As an attorney who practices exclusively in attorney ethics and disciplinary law, I read with interest your article titled “Is Pennsylvania Becoming Less Forgiving of the Disbarred?” in the September 25 issue of Legal sibling publication Pennsylvania Law Weekly.

The article cited statistics kept by the Disciplinary Board that indicated that in 2010 and 2011, a total of 23 suspended or disbarred attorneys sought reinstatement, 22 of which were granted reinstatement. This might lead one to believe that a suspended or disbarred attorney has a 96 percent chance of being reinstated should he or she decide to petition for reinstatement. This, in turn, implies leniency on the part of both the disciplinary system and our Supreme Court in giving attorneys “second chances.” Nothing could be further from reality.

There are two factors with respect to reinstatement of which most people are unaware. First, very few suspended attorneys ever seek reinstatement, and even fewer disbarred attorneys seek reinstatement. Essentially, for the most part, those suspended/disbarred attorneys who are not fit to resume the practice of law know it, and therefore do not even seek reinstatement. Pursuant to Rule 218(c)(3) of the Pennsylvania Rules of Disciplinary Enforcement, a disbarred or suspended attorney has the burden of proving, by clear and convincing evidence, that he or she has the “moral qualifications, competency and learning in law required for admission to practice law in this commonwealth and that the resumption of the practice of law within the commonwealth … will be neither detrimental to the integrity and standing of the bar or the administration of justice nor subversive of the public interest.” That is a difficult burden to meet, but pursuant to case law, a disbarred attorney (as opposed to one who has been suspended) has an additional threshold burden to meet. (See Office of Disciplinary Counsel v.

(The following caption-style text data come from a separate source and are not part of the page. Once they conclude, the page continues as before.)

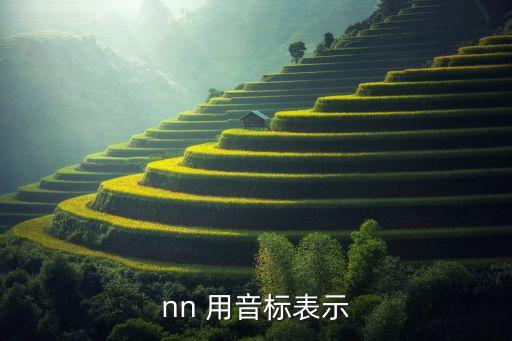 nn 用音標(biāo)表示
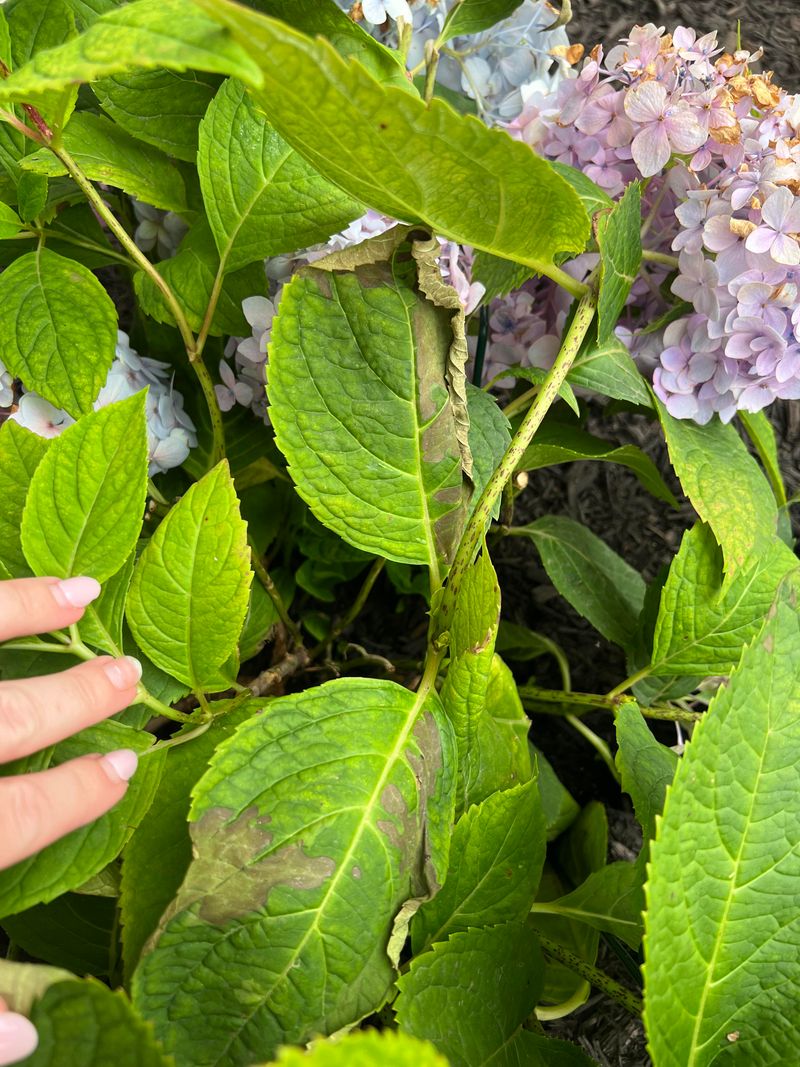 Overfertilizing Pushes Leaf Growth Instead Of Blooms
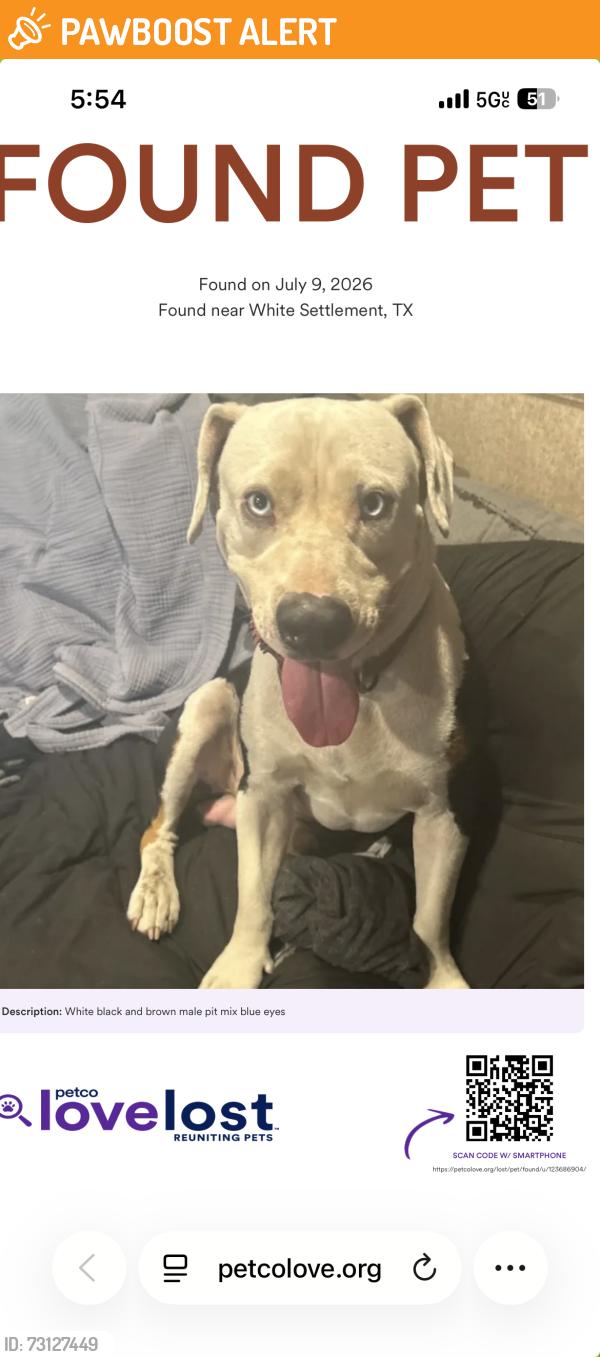 Found/Stray Male Dog last seen Cherry ln, White Settlement, TX 76108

Keller, 506 A.2d 872 (Pa. 1986).)

Under Keller, before even reaching the burden imposed by Rule 218(c)(3), a disbarred attorney must first show that the misconduct leading to the disbarment was not so egregious that the attorney can never hope to be reinstated, and if that burden is satisfied, the attorney must show that sufficient time has passed that he or she can even be considered for reinstatement. Most suspended or disbarred attorneys, recognizing the difficulty they will encounter in meeting their burden of proof in seeking reinstatement, simply never bother to seek reinstatement. This is corroborated by statistics.

As indicated in the article, 19 suspended and four disbarred attorneys sought reinstatement during 2010 and 2011. During that same period, 83 attorneys were suspended and 77 attorneys were disbarred. These statistics are fairly representative of the number of formerly admitted attorneys who seek reinstatement on a yearly basis and the number of attorneys who are suspended or disbarred on a yearly basis over the past few decades. The statistics clearly reflect that less than 20 percent of suspended attorneys and less than 10 percent of disbarred attorneys ever even seek reinstatement.

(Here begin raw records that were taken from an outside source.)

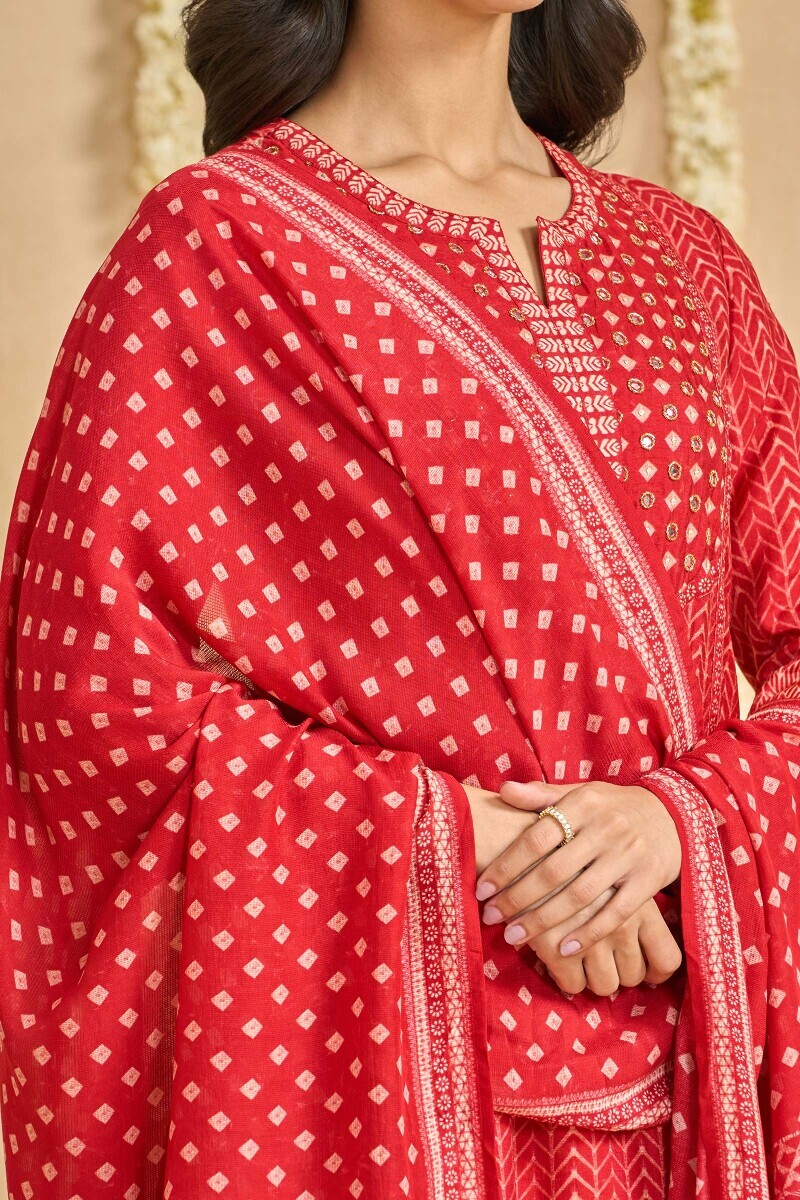 Red Printed Tabby Check Dupatta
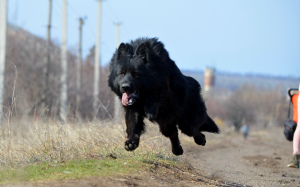 Additional photos: German shepherd puppies, girl and boy, with documents, stigma, video, delivery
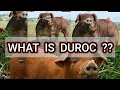 The DUROC Difference A Tale of Taste and Tradition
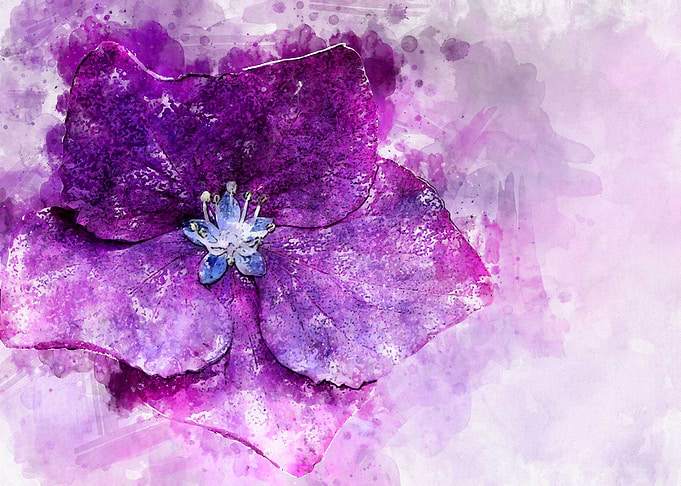 Hydrangea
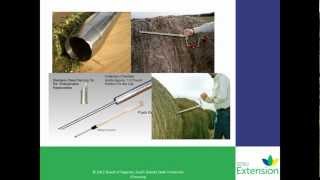 Forage Hay Sampling Method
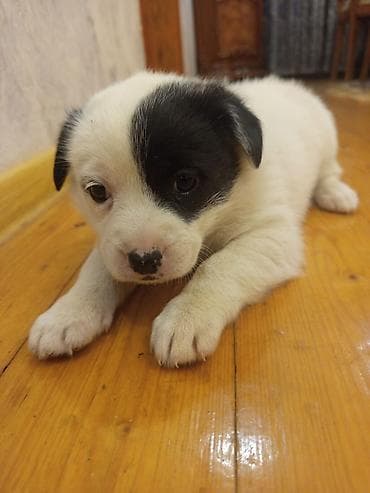 Heyvanlar üçün mallar: 2 ay, Dişi, Ünvandan götürmə — 8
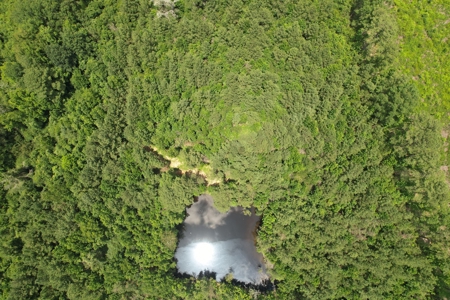 174 Acre Timberland Property For Sale Amite County MS - image 28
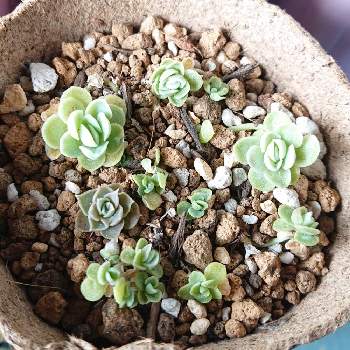 ヒューミリス葉挿しの投稿画像一覧 Greensnap グリーンスナップ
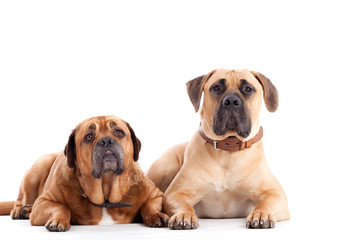 2 Bull mastiff dogs  looking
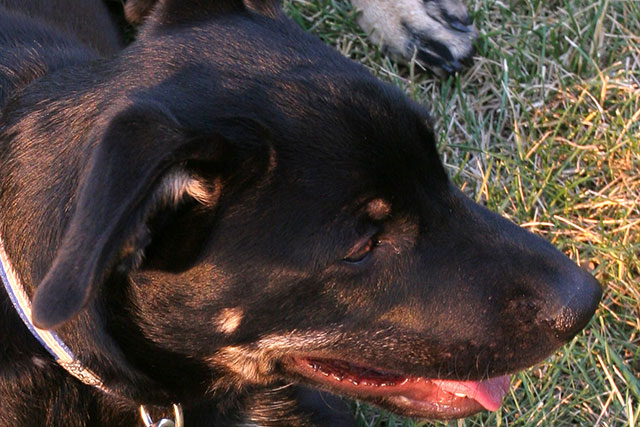 Day 9: Cody Close-Up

Another factor that is not revealed in the article is that the Office of Disciplinary Counsel has the option of whether or not to oppose a petition for reinstatement. An attorney who petitions for reinstatement must first complete an extensive questionnaire, after which the Office of Disciplinary Counsel conducts a very thorough investigation of the petitioner. If Disciplinary Counsel is aware of or uncovers anything that militates against reinstatement, it will vigorously oppose the petition for reinstatement, which in and of itself discourages many suspended or disbarred attorneys from seeking reinstatement.

The bottom line is that the disciplinary system itself, by virtue of the enforcement rules governing reinstatement, relevant case law, and Disciplinary Counsel’s option to oppose reinstatement, weeds out the vast majority of suspended or disbarred attorneys who might otherwise consider seeking reinstatement. Therefore, by only relying upon statistics relating to those very few suspended or disbarred attorneys who actually do seek reinstatement, the disciplinary system and our Supreme Court are unfairly portrayed as being lenient with respect to the reinstatement of disbarred or suspended attorneys, when in reality quite the opposite is true. Again, less than 20 percent of suspended attorneys and less than 10 percent of disbarred attorneys are ever reinstated to the practice of law.